[Source records]
━━━━━━━━

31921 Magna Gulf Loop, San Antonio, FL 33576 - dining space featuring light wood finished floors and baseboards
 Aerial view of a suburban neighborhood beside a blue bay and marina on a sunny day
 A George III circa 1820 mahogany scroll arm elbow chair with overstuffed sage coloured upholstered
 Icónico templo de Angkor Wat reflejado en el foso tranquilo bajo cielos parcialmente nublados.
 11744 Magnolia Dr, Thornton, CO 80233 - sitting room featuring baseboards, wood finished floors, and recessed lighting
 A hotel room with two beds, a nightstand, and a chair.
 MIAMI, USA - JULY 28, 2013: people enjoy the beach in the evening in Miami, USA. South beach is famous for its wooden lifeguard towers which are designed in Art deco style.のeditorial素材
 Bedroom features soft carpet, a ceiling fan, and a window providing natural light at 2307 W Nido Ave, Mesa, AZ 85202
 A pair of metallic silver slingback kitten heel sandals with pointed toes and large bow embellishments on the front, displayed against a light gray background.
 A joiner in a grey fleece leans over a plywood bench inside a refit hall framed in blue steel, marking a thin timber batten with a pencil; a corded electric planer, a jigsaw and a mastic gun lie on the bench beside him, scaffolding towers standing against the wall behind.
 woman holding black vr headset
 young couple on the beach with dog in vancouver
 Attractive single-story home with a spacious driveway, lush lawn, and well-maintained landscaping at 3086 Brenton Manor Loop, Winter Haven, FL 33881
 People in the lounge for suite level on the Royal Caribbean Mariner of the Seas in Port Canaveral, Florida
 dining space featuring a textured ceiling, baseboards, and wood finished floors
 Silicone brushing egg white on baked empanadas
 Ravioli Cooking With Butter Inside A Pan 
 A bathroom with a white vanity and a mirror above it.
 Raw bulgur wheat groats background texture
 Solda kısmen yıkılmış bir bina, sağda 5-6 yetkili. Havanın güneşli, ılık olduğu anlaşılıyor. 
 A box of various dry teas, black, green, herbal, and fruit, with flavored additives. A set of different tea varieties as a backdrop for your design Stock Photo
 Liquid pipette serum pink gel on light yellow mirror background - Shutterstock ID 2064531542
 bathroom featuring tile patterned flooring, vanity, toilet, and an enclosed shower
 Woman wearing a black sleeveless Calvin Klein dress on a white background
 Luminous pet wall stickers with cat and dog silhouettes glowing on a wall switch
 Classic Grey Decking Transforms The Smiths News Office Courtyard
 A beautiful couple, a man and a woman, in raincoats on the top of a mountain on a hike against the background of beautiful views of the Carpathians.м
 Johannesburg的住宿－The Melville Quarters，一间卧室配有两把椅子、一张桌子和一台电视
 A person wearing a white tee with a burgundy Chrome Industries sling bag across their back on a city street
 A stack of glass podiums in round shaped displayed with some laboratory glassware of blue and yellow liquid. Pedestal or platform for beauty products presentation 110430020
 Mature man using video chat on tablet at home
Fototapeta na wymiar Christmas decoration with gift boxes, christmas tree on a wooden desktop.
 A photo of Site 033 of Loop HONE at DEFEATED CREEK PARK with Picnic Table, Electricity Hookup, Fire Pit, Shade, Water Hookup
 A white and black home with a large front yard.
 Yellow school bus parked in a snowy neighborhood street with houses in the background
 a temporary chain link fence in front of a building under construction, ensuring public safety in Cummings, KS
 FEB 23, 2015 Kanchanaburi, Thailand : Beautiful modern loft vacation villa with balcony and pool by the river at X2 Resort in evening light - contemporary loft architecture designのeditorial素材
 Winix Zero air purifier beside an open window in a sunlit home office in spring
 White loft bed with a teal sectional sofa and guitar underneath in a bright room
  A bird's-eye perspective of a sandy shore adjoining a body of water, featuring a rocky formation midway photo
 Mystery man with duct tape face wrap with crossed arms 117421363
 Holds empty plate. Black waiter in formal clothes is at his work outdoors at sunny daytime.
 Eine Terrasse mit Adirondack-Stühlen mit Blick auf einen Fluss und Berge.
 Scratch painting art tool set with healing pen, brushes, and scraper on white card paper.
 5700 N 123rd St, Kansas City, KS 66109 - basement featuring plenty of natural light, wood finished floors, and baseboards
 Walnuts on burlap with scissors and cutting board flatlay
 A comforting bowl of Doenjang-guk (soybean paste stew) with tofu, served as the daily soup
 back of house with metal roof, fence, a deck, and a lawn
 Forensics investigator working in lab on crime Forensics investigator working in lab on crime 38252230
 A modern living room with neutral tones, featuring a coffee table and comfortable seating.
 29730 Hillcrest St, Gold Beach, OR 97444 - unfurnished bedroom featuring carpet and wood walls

━━━━━━━━

WHAT THE TASK REQUIRES: Send back all the records above word for word.

TASK RESULT:
31921 Magna Gulf Loop, San Antonio, FL 33576 - dining space featuring light wood finished floors and baseboards
 Aerial view of a suburban neighborhood beside a blue bay and marina on a sunny day
 A George III circa 1820 mahogany scroll arm elbow chair with overstuffed sage coloured upholstered
 Icónico templo de Angkor Wat reflejado en el foso tranquilo bajo cielos parcialmente nublados.
 11744 Magnolia Dr, Thornton, CO 80233 - sitting room featuring baseboards, wood finished floors, and recessed lighting
 A hotel room with two beds, a nightstand, and a chair.
 MIAMI, USA - JULY 28, 2013: people enjoy the beach in the evening in Miami, USA. South beach is famous for its wooden lifeguard towers which are designed in Art deco style.のeditorial素材
 Bedroom features soft carpet, a ceiling fan, and a window providing natural light at 2307 W Nido Ave, Mesa, AZ 85202
 A pair of metallic silver slingback kitten heel sandals with pointed toes and large bow embellishments on the front, displayed against a light gray background.
 A joiner in a grey fleece leans over a plywood bench inside a refit hall framed in blue steel, marking a thin timber batten with a pencil; a corded electric planer, a jigsaw and a mastic gun lie on the bench beside him, scaffolding towers standing against the wall behind.
 woman holding black vr headset
 young couple on the beach with dog in vancouver
 Attractive single-story home with a spacious driveway, lush lawn, and well-maintained landscaping at 3086 Brenton Manor Loop, Winter Haven, FL 33881
 People in the lounge for suite level on the Royal Caribbean Mariner of the Seas in Port Canaveral, Florida
 dining space featuring a textured ceiling, baseboards, and wood finished floors
 Silicone brushing egg white on baked empanadas
 Ravioli Cooking With Butter Inside A Pan 
 A bathroom with a white vanity and a mirror above it.
 Raw bulgur wheat groats background texture
 Solda kısmen yıkılmış bir bina, sağda 5-6 yetkili. Havanın güneşli, ılık olduğu anlaşılıyor. 
 A box of various dry teas, black, green, herbal, and fruit, with flavored additives. A set of different tea varieties as a backdrop for your design Stock Photo
 Liquid pipette serum pink gel on light yellow mirror background - Shutterstock ID 2064531542
 bathroom featuring tile patterned flooring, vanity, toilet, and an enclosed shower
 Woman wearing a black sleeveless Calvin Klein dress on a white background
 Luminous pet wall stickers with cat and dog silhouettes glowing on a wall switch
 Classic Grey Decking Transforms The Smiths News Office Courtyard
 A beautiful couple, a man and a woman, in raincoats on the top of a mountain on a hike against the background of beautiful views of the Carpathians.м
 Johannesburg的住宿－The Melville Quarters，一间卧室配有两把椅子、一张桌子和一台电视
 A person wearing a white tee with a burgundy Chrome Industries sling bag across their back on a city street
 A stack of glass podiums in round shaped displayed with some laboratory glassware of blue and yellow liquid. Pedestal or platform for beauty products presentation 110430020
 Mature man using video chat on tablet at home
Fototapeta na wymiar Christmas decoration with gift boxes, christmas tree on a wooden desktop.
 A photo of Site 033 of Loop HONE at DEFEATED CREEK PARK with Picnic Table, Electricity Hookup, Fire Pit, Shade, Water Hookup
 A white and black home with a large front yard.
 Yellow school bus parked in a snowy neighborhood street with houses in the background
 a temporary chain link fence in front of a building under construction, ensuring public safety in Cummings, KS
 FEB 23, 2015 Kanchanaburi, Thailand : Beautiful modern loft vacation villa with balcony and pool by the river at X2 Resort in evening light - contemporary loft architecture designのeditorial素材
 Winix Zero air purifier beside an open window in a sunlit home office in spring
 White loft bed with a teal sectional sofa and guitar underneath in a bright room
  A bird's-eye perspective of a sandy shore adjoining a body of water, featuring a rocky formation midway photo
 Mystery man with duct tape face wrap with crossed arms 117421363
 Holds empty plate. Black waiter in formal clothes is at his work outdoors at sunny daytime.
 Eine Terrasse mit Adirondack-Stühlen mit Blick auf einen Fluss und Berge.
 Scratch painting art tool set with healing pen, brushes, and scraper on white card paper.
 5700 N 123rd St, Kansas City, KS 66109 - basement featuring plenty of natural light, wood finished floors, and baseboards
 Walnuts on burlap with scissors and cutting board flatlay
 A comforting bowl of Doenjang-guk (soybean paste stew) with tofu, served as the daily soup
 back of house with metal roof, fence, a deck, and a lawn
 Forensics investigator working in lab on crime Forensics investigator working in lab on crime 38252230
 A modern living room with neutral tones, featuring a coffee table and comfortable seating.
 29730 Hillcrest St, Gold Beach, OR 97444 - unfurnished bedroom featuring carpet and wood walls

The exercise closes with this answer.